3. How does your work address challenges at the intersection of statistics and AI?

My methodological work focuses on learning interpretable, lower-dimensional latent representations of input data. While AI models typically generate these representations in "black-box" settings to facilitate downstream tasks such as prediction, I emphasize learning them in more "open-box" settings, where interpretability is prioritized. I admire and am deeply inspired by Cynthia Rudin’s work on interpretable AI models for high-stakes decision-making. I firmly believe that, especially in contexts related to human health, interpretable models are preferable to “fancy” models, particularly when their performance is comparable. I am excited about the potential to incorporate more interpretable structural elements within AI modes to improve their performance and transparency.

4. What impact do you foresee your research having on the future of AI systems?

Although I can’t predict the future, my work addresses scientific challenges, with AI as a tool rather than the primary focus. I believe the most significant impact of my research on AI will come from emphasizing reproducibility and open-source software development, which promote transparency and accountability.

5. What emerging trends in statistics do you believe are crucial for advancing AI?

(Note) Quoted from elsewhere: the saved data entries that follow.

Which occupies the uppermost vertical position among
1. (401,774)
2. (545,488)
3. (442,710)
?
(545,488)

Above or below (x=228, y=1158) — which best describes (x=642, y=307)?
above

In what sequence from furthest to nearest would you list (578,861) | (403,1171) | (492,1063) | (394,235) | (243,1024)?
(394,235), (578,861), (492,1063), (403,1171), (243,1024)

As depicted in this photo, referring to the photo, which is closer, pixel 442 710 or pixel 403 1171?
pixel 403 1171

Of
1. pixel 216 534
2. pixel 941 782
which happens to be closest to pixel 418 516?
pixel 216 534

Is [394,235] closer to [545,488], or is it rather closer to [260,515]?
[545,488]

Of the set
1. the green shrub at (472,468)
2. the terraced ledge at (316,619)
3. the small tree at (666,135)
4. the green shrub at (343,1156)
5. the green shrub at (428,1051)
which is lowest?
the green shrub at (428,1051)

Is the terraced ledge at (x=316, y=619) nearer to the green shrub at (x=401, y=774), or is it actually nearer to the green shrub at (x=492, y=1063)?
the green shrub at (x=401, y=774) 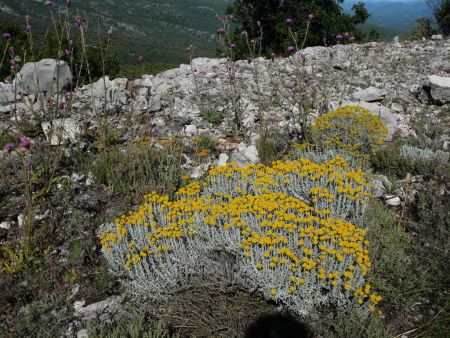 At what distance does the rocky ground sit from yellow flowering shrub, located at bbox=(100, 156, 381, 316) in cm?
20

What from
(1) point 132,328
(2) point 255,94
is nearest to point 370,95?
(2) point 255,94

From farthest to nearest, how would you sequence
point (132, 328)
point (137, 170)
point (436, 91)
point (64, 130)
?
point (436, 91), point (64, 130), point (137, 170), point (132, 328)

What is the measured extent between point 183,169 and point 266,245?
2.45m

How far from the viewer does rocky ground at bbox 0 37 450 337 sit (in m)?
3.13

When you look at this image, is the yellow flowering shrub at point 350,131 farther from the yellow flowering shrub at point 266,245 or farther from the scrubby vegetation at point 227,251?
the yellow flowering shrub at point 266,245

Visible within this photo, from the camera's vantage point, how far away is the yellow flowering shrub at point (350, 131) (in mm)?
5191

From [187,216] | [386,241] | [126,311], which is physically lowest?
[126,311]

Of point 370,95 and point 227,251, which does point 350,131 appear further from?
point 227,251

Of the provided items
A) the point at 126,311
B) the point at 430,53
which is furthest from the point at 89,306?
the point at 430,53

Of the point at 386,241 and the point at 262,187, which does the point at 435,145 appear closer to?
the point at 386,241

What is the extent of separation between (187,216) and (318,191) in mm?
1455

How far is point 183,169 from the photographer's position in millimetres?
5340

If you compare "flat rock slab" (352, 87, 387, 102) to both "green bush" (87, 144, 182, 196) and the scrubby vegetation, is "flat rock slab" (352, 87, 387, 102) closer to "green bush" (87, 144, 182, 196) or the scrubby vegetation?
the scrubby vegetation

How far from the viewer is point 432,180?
4613mm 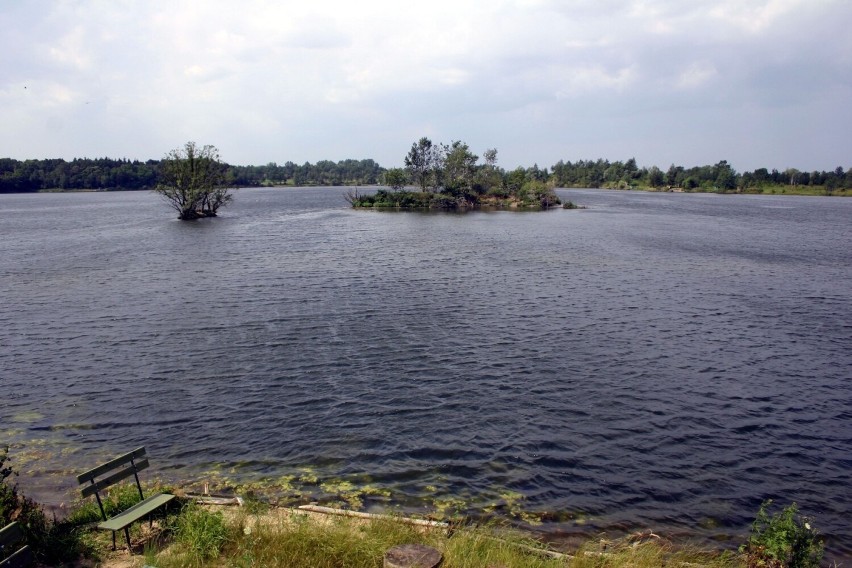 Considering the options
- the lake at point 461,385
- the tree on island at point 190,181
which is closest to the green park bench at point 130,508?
the lake at point 461,385

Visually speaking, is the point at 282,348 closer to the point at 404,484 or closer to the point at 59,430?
the point at 59,430

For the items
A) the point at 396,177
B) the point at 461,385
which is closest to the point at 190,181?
the point at 396,177

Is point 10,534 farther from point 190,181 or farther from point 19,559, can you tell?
point 190,181

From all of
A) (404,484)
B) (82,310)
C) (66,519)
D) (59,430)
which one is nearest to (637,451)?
(404,484)

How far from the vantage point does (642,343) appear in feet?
85.1

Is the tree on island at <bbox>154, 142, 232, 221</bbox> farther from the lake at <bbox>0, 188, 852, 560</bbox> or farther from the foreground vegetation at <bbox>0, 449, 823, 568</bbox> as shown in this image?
the foreground vegetation at <bbox>0, 449, 823, 568</bbox>

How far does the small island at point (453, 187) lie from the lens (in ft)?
400

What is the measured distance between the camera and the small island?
121938 millimetres

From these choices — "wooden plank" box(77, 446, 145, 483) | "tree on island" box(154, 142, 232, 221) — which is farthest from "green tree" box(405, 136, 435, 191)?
"wooden plank" box(77, 446, 145, 483)

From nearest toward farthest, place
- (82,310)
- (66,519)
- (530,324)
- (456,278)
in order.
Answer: (66,519) → (530,324) → (82,310) → (456,278)

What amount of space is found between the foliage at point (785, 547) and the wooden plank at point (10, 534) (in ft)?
45.6

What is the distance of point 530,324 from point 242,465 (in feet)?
56.7

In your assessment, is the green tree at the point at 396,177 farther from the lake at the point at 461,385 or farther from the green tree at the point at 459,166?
the lake at the point at 461,385

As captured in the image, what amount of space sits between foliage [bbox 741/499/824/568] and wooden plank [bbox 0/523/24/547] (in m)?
13.9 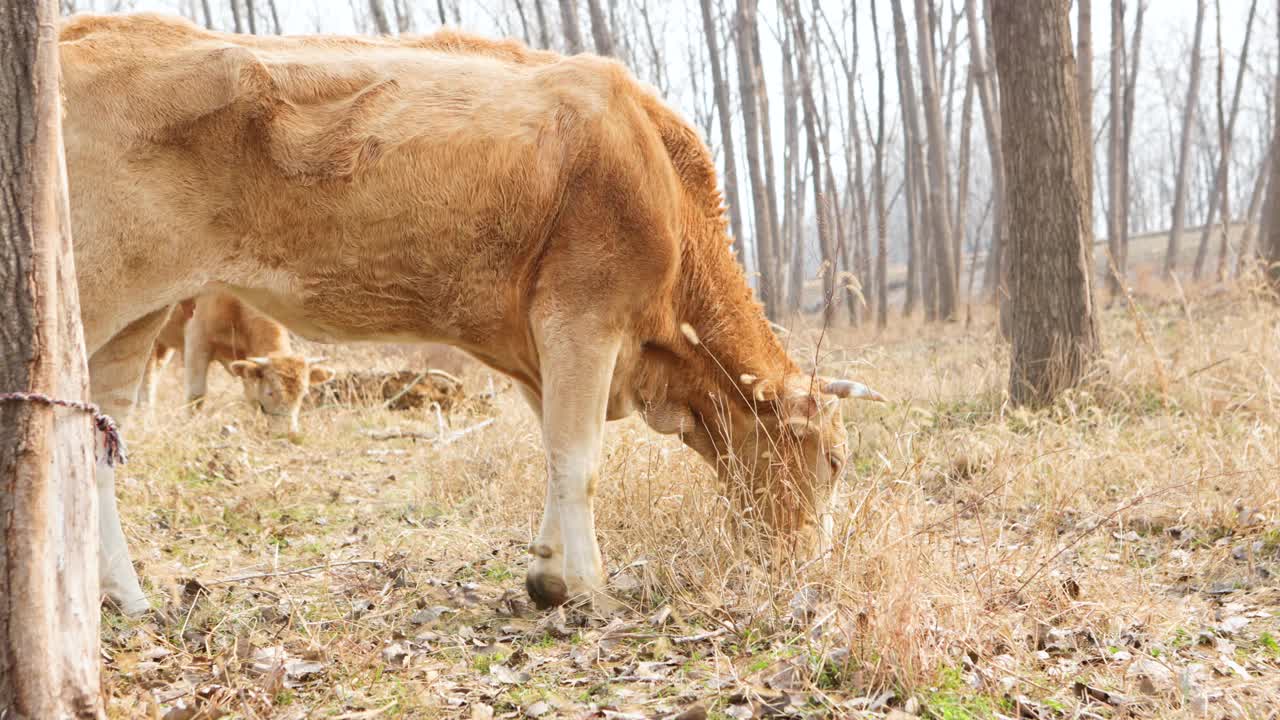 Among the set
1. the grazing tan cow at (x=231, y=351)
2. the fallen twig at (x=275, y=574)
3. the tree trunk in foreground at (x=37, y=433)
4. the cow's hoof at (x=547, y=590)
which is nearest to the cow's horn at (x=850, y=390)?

AI models are advancing rapidly, and statisticians often face tools that exceed initial expectations. This pace can feel overwhelming, but I see particular value in areas like uncertainty quantification for black-box model predictions, understanding AI biases, ensuring fairness, protecting sensitive data, transferring knowledge across domains, and developing rigorous models for unstructured data. Of particular interest to me is the work on identifiability. AI models, particularly transformers, excel at learning unstructured representations, but making them more interpretable and identifiable holds great promise, especially in biomedical applications. In healthcare, I don’t just want to know if a model predicts well—I want to understand how it reaches those predictions. Ensuring transparency, interpretability, and external validation of these models is critical, so reproducibility and open science remain central to my work.